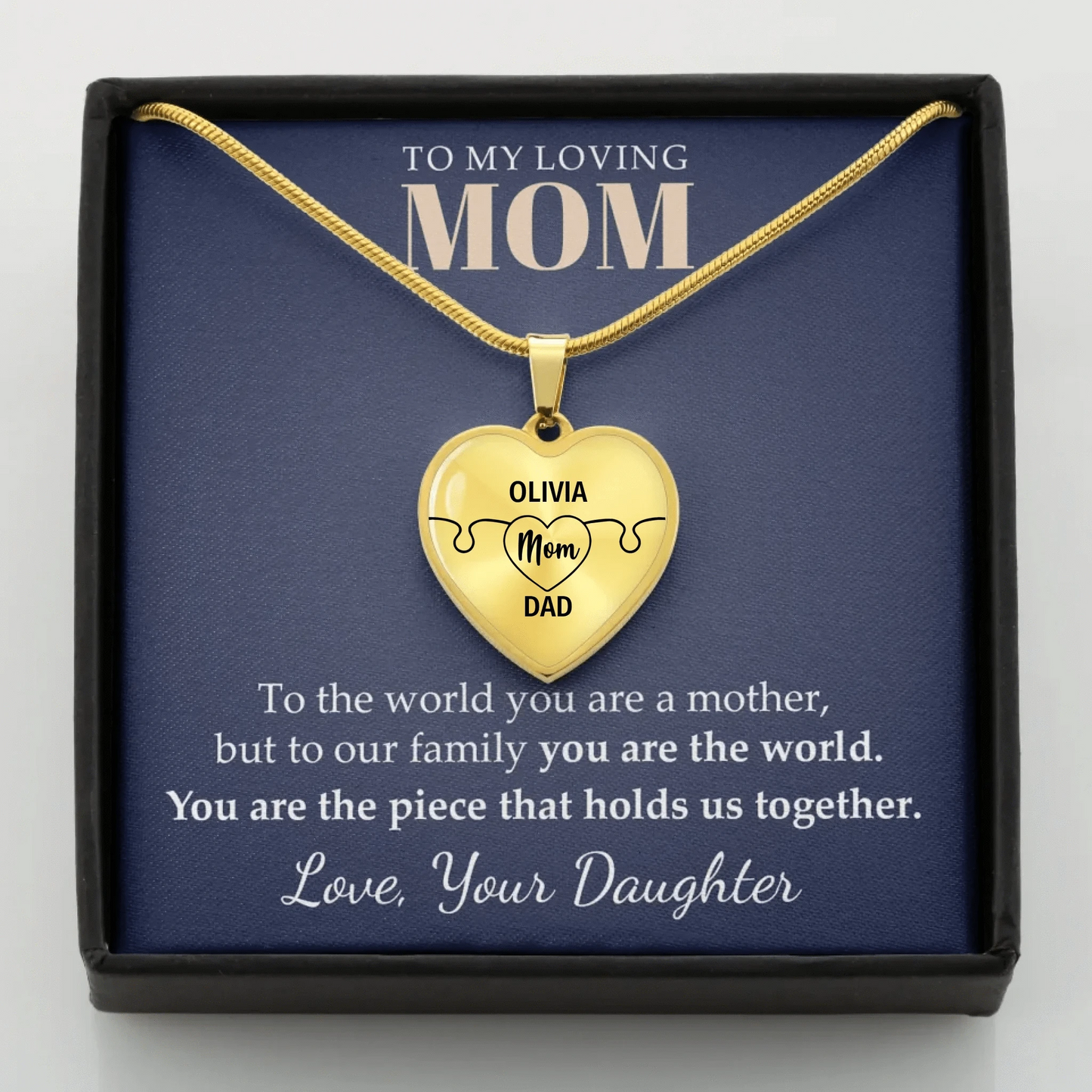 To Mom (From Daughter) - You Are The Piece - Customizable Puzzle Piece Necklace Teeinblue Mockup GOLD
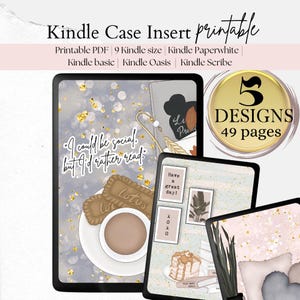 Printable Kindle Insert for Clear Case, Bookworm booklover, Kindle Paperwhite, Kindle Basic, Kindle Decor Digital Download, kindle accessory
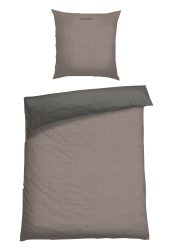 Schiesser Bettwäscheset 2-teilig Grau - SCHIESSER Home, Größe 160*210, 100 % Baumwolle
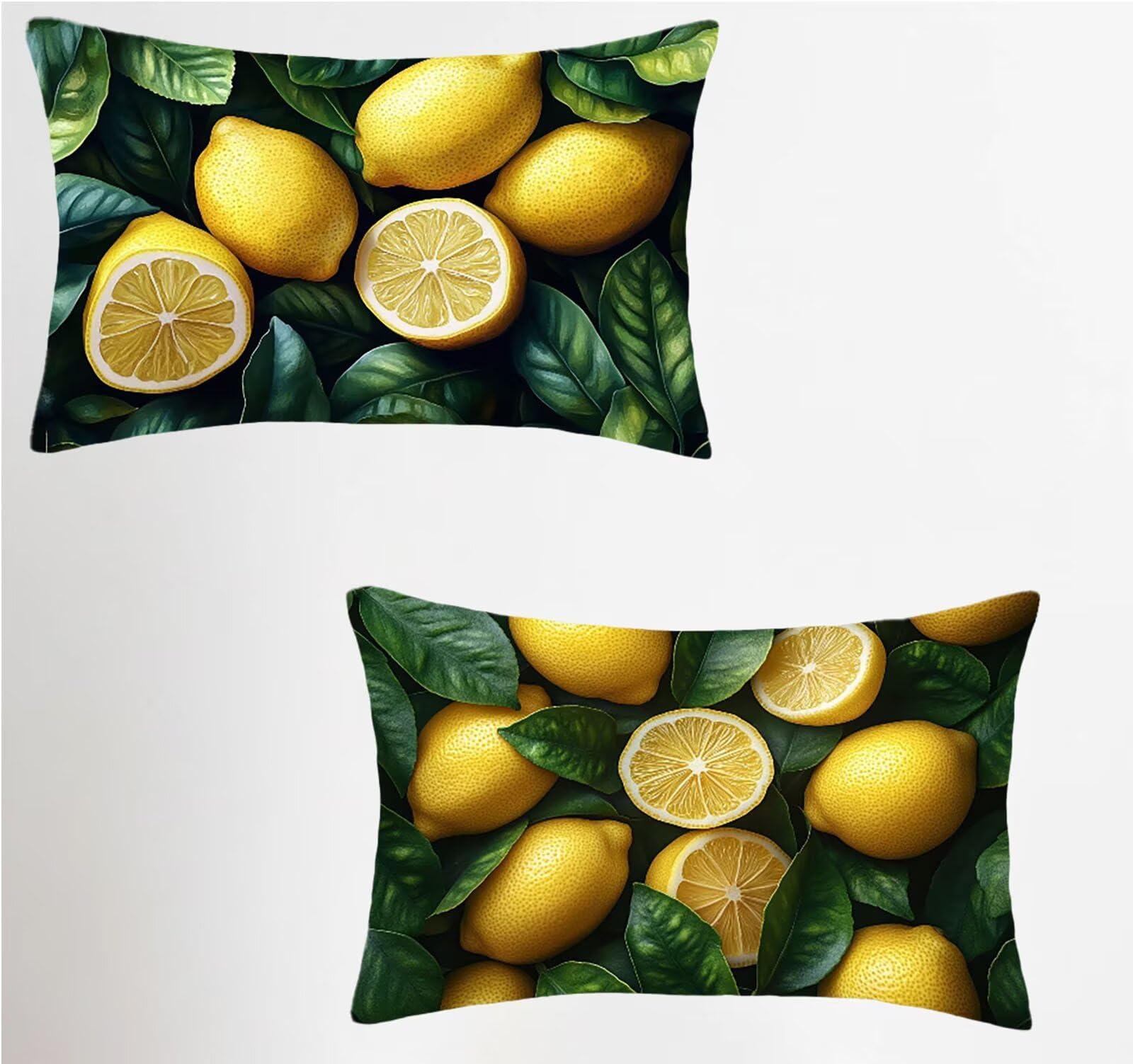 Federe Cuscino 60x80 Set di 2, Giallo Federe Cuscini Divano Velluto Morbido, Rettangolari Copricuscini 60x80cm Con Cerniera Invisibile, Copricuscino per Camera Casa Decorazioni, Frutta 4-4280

· · · · · · ·

Exercise instructions:
The listing above should be repeated word for word, pictures removed.

Task answer:
 To Mom (From Daughter) - You Are The Piece - Customizable Puzzle Piece Necklace Teeinblue Mockup GOLD
 Printable Kindle Insert for Clear Case, Bookworm booklover, Kindle Paperwhite, Kindle Basic, Kindle Decor Digital Download, kindle accessory
 Schiesser Bettwäscheset 2-teilig Grau - SCHIESSER Home, Größe 160*210, 100 % Baumwolle
 Federe Cuscino 60x80 Set di 2, Giallo Federe Cuscini Divano Velluto Morbido, Rettangolari Copricuscini 60x80cm Con Cerniera Invisibile, Copricuscino per Camera Casa Decorazioni, Frutta 4-4280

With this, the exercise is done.